» INSTRUCTIONS TO FOLLOW: Only some lines are wanted: please transcribe exactly those from the one containing "Playground Games Apre un Terzo" through the end of the data, pictures excluded.
** Opening RECORDED DATA block **
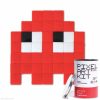 PIXEL ART KIT "GLOOMIE" RED - PIXEL CORNER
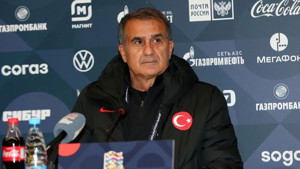 A Milli Takım'da Şenol Güneş sürprizi!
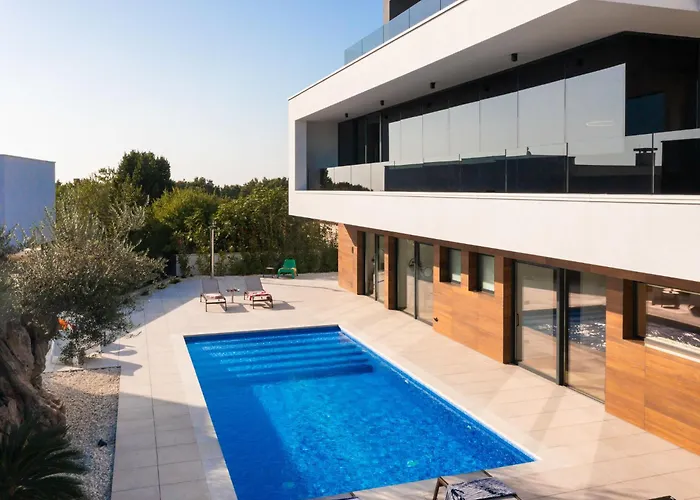 Old Olive V By Interhome 빌라 보드냔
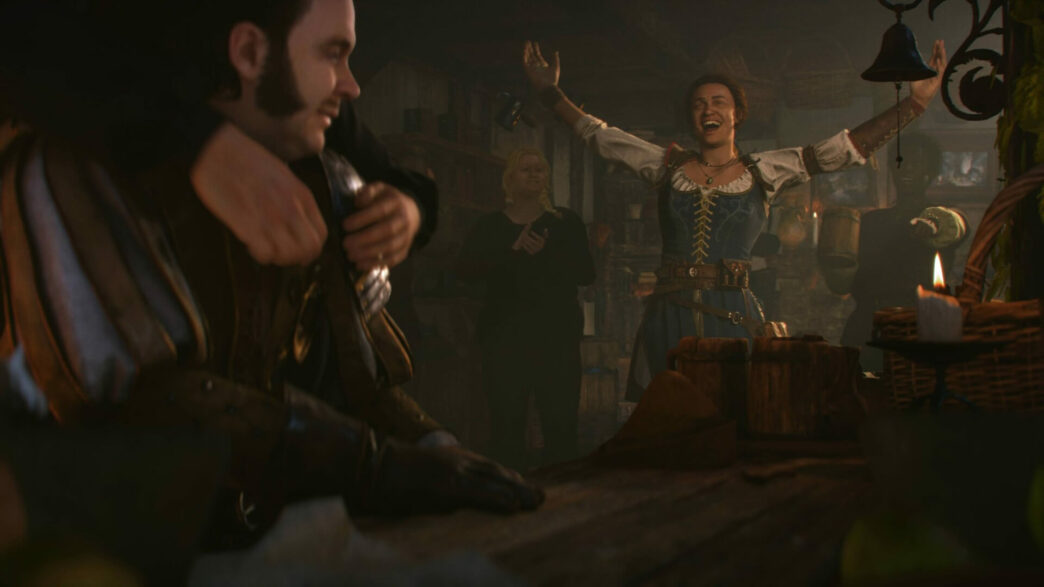 Playground Games Apre un Terzo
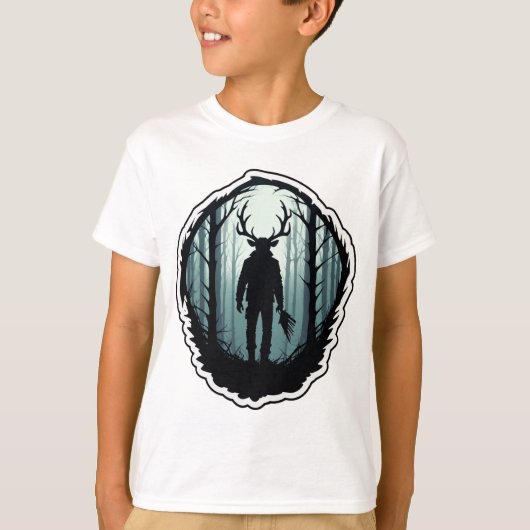 T-SHIRT 231 (Devant)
** Closing RECORDED DATA block **
» ANSWER SECTION:
 Playground Games Apre un Terzo
 T-SHIRT 231 (Devant)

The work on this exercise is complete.